**Captioned web image data**
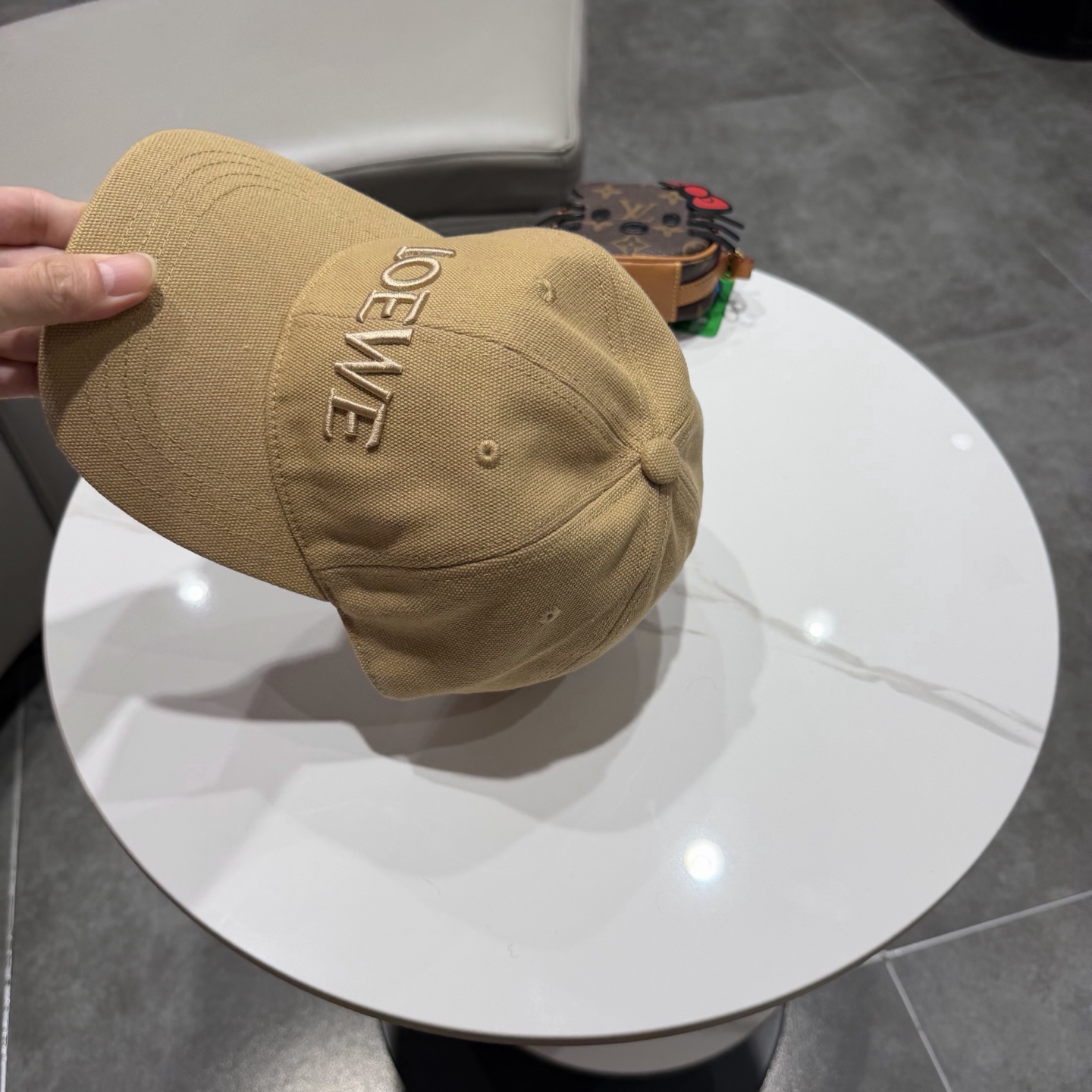 👒罗意威👒LOEWE官网新款原版原标设计棒球帽🧢质感超好，外部线条定位标准，做工精细，简约大气低价走量！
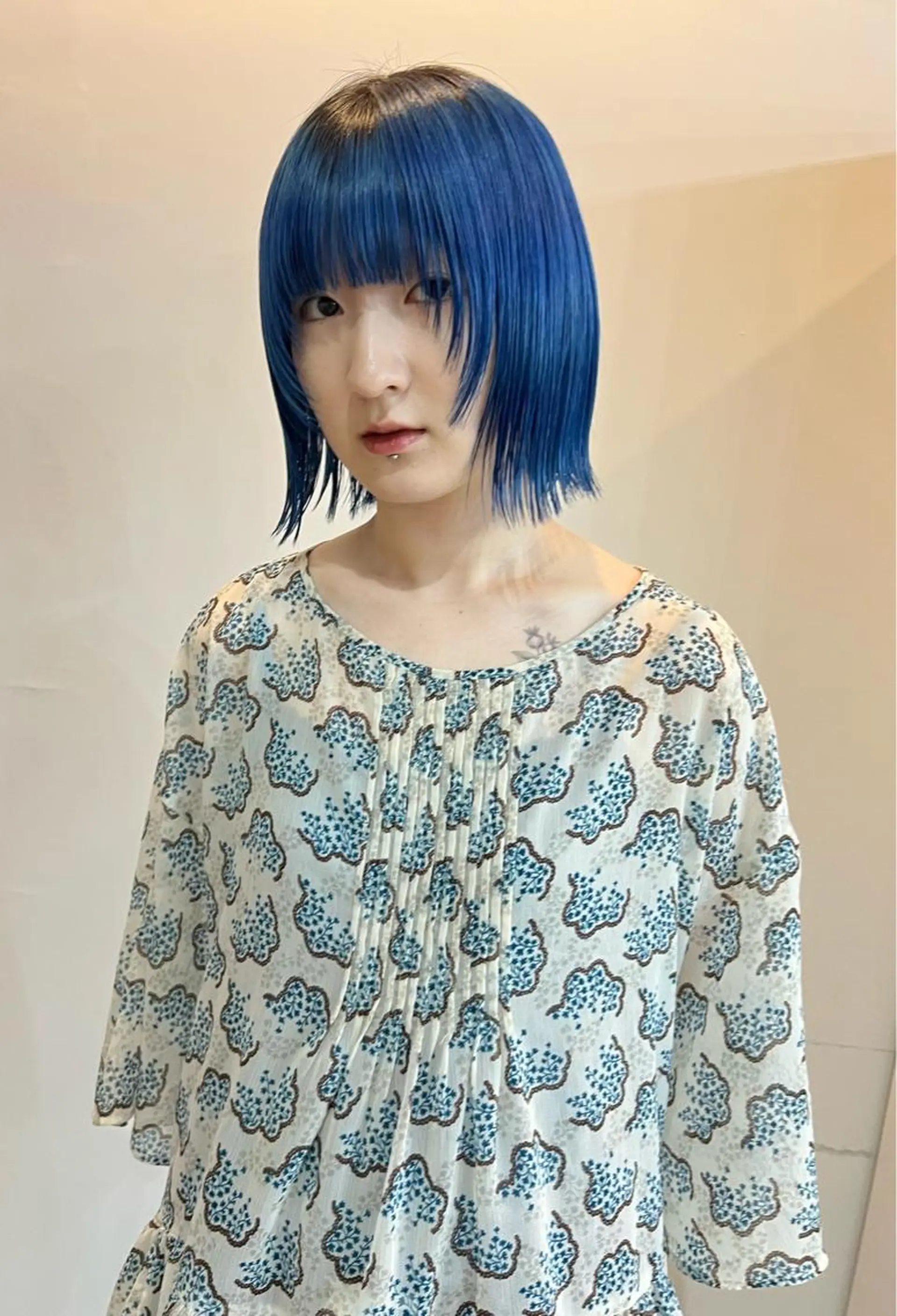 カラー 切りっぱなしボブ/ ブリーチカラー/大塚のヘアスタイル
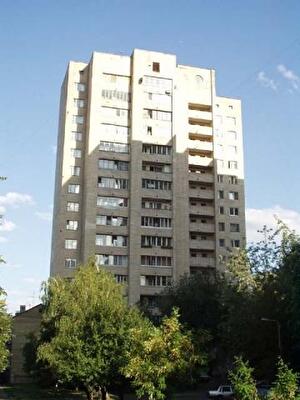 Олекси Тихого вул., 23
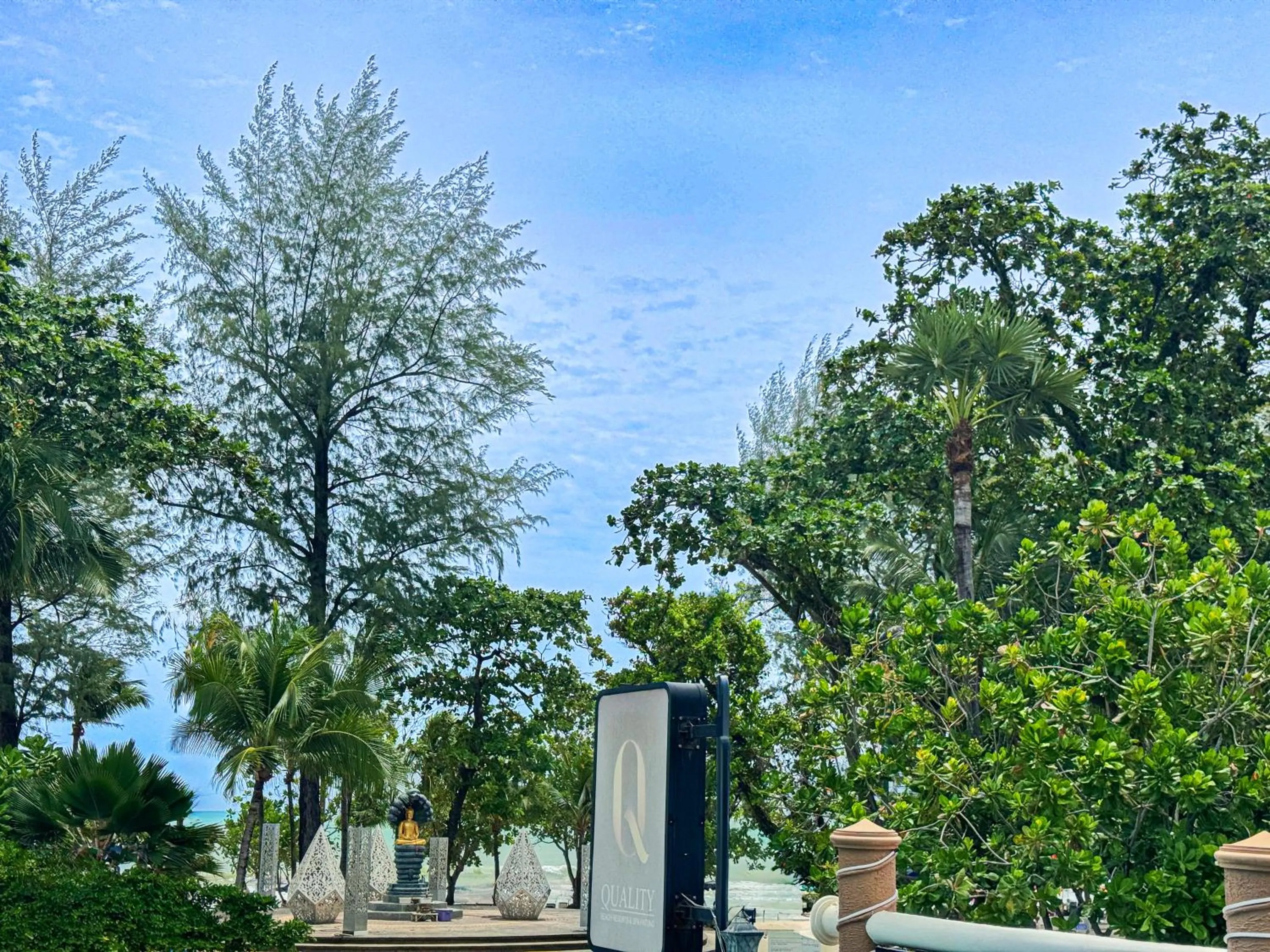 Day in Quality Beach Resorts and Spa Patong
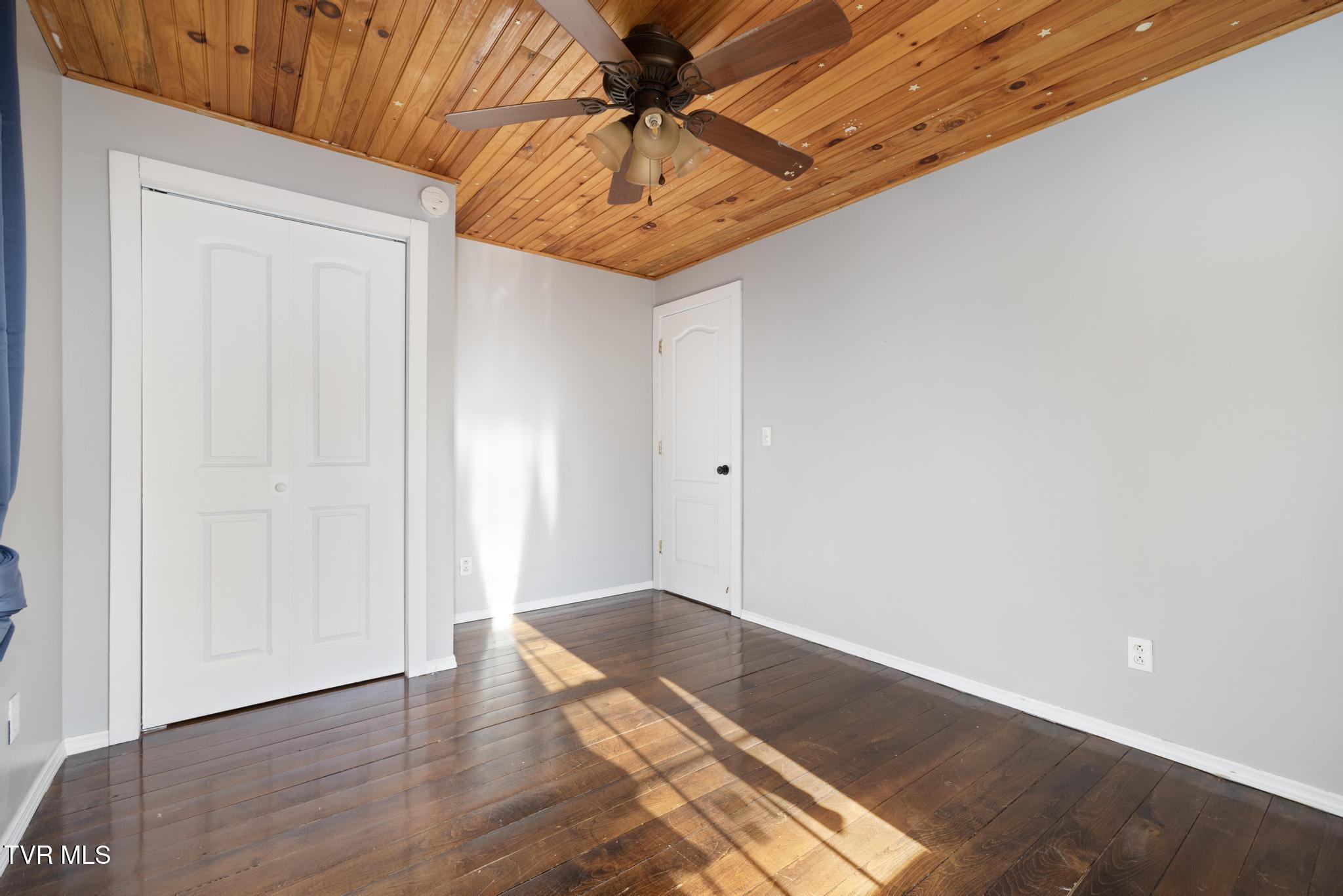 3006 Gap Creek Road Hampton, TN 37658 - Photo 24 of 42 IMG_2076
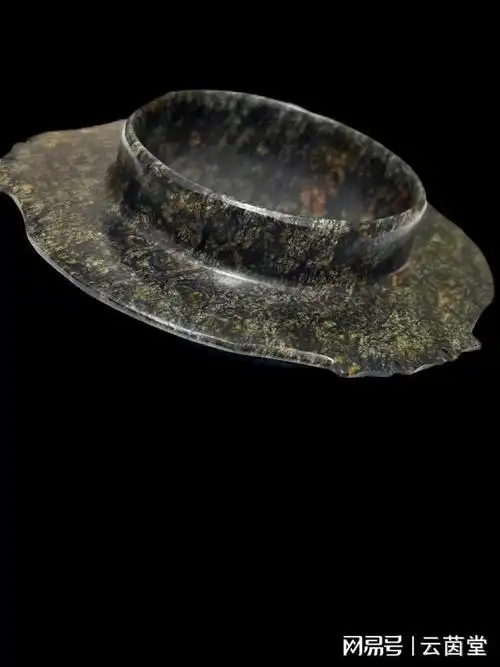 罕见三星堆有领玉璧,商代玉璧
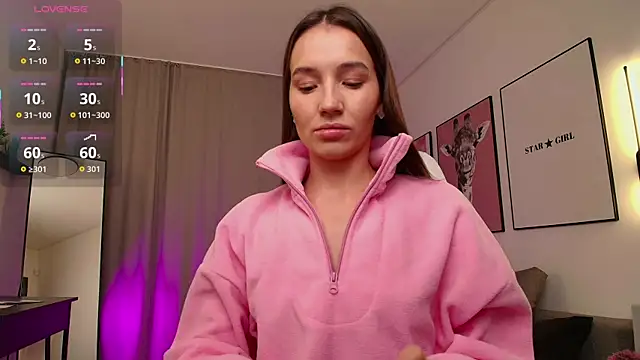 Bellla Haddid online show from November 25, 2025, 1:38 am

**WHAT IS BEING ASKED**
Because pictures are not wanted, give every entry above again exactly without them.

**ANSWER TO THE PROBLEM**
 👒罗意威👒LOEWE官网新款原版原标设计棒球帽🧢质感超好，外部线条定位标准，做工精细，简约大气低价走量！
 カラー 切りっぱなしボブ/ ブリーチカラー/大塚のヘアスタイル
 Олекси Тихого вул., 23
 Day in Quality Beach Resorts and Spa Patong
 3006 Gap Creek Road Hampton, TN 37658 - Photo 24 of 42 IMG_2076
 罕见三星堆有领玉璧,商代玉璧
 Bellla Haddid online show from November 25, 2025, 1:38 am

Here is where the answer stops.